Weekly Trend Report
- 19th August 2024
Week Gone By
The stock indices experienced modest gains over the shortened week, breaking a two-week losing trend. The Sensex ended above 80,400, while the Nifty finished above 24,500. This recovery was driven by positive investor sentiment and selective buying in key sectors. Despite some volatility, the overall market trend was upward, reflecting renewed confidence among investors. The week also saw the release of important economic indicators, including the CPI at 3.54%, the WPI at 2.04%, as well as data on the trade deficit and IIP. For the past week, global markets experienced some notable gains on account of allayed fear of recession in the largest world economy driven by positive economic signals and overall stability in the market.
Week Ahead
With the Q1 earnings season concluding, investor’s attention will now be directed towards global developments. Market sentiment will continue to be influenced by the activities of institutional investors, including FIIs and DIIs. The overall market participants will now follow on the upcoming week’s economic data release , which will offer further clarity on the global economic scenario. Jerome Powell’s speech next week will be key to have a better outlook on the future market sentiments.
Technical Overview
- The 50 index opened the abbreviated trading week with subdued activity, remaining within a narrow 2% range and finding immediate support at 50 DMA, also known as institutional support.
- However, on Friday, the index exhibited a strong breakout from a two-week consolidation phase.
- Despite the sideways price action, the VIX experienced a 6% decrease during the week.

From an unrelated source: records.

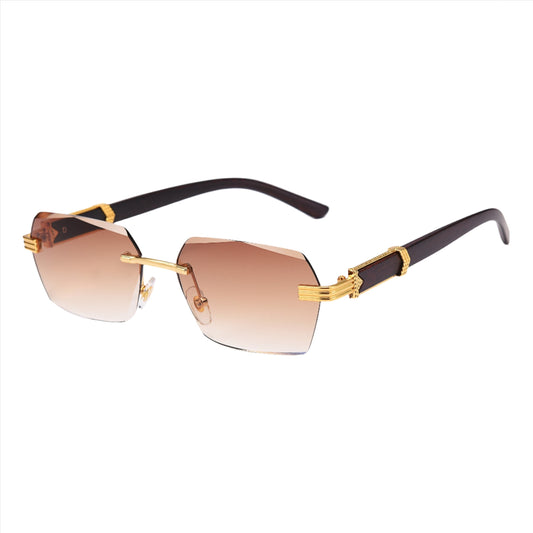 VORO GUAN Sunglasses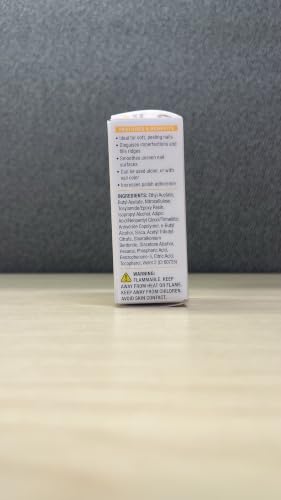 Nail Tek Ridge Filler Formula 2 Clear Nail Base Coat & Strengthener 0.5 fl oz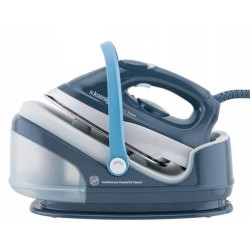 Stacja parowa H.Koenig V5i 2400 W 3.5 bar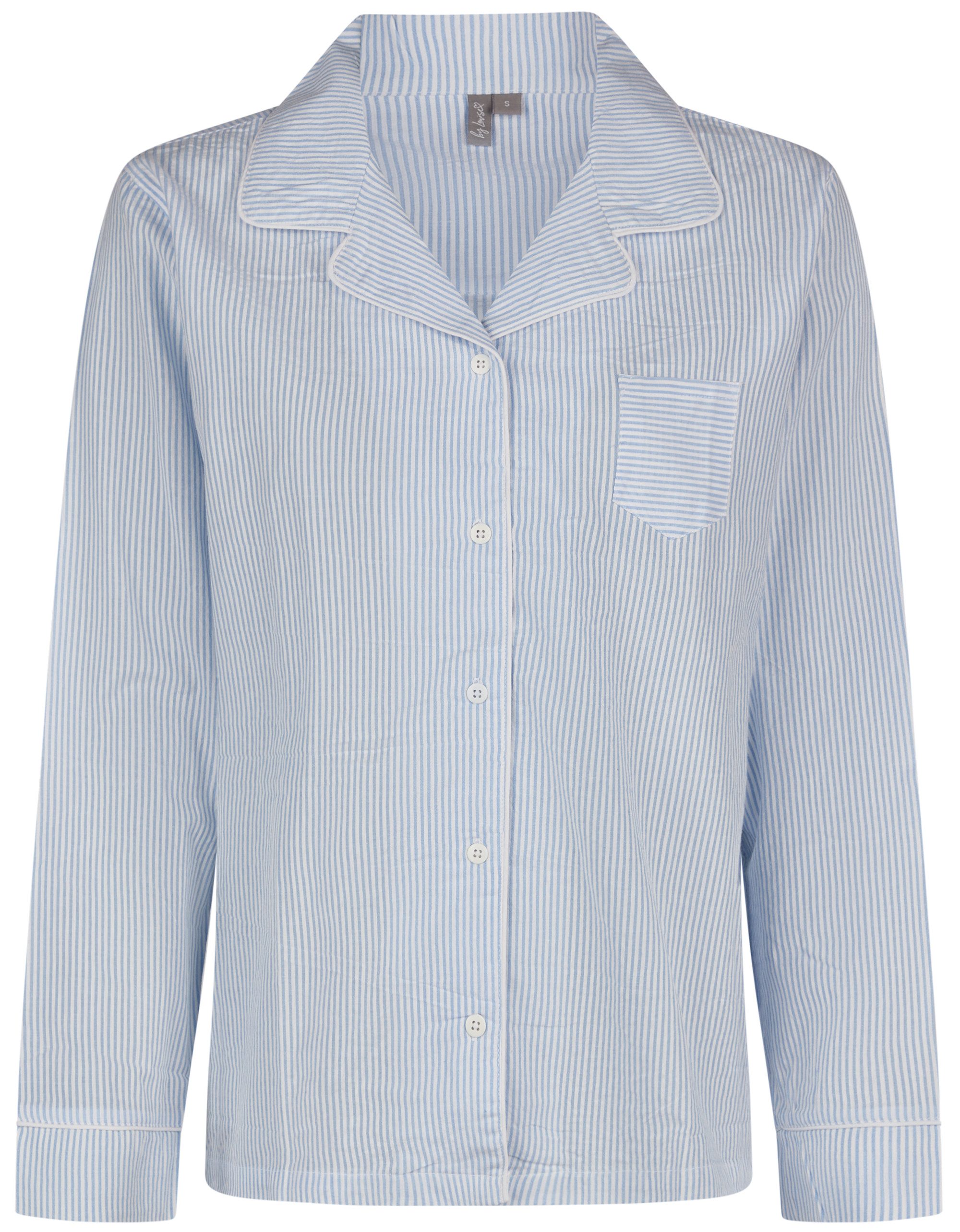 By Louise Shorty Moonlight Magic (Set, 2 tlg., 2-teilig) Damen Pyjama kurz günstig online kaufen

- Major broad and sectoral indices closed the week with their uptrend under pressure, although the negative momentum displayed signs of improvement, indicating a positive trend.
- The percentage of stocks trading above their 10- and 20-day moving averages attempted a reversal from the oversold territory, yet they continue to trade below the 50% threshold.
- Additionally, the percentage of stocks trading above their 50 DMA has dropped below median levels.
- On the momentum breadth front, stock participation remained subdued, with some relief observed on the final day of the week.
- This was also evidenced by the lack of market breadth volume, signaling lower stock participation.
- It is essential for the markets to observe follow-through to validate the potential commencement of a pullback.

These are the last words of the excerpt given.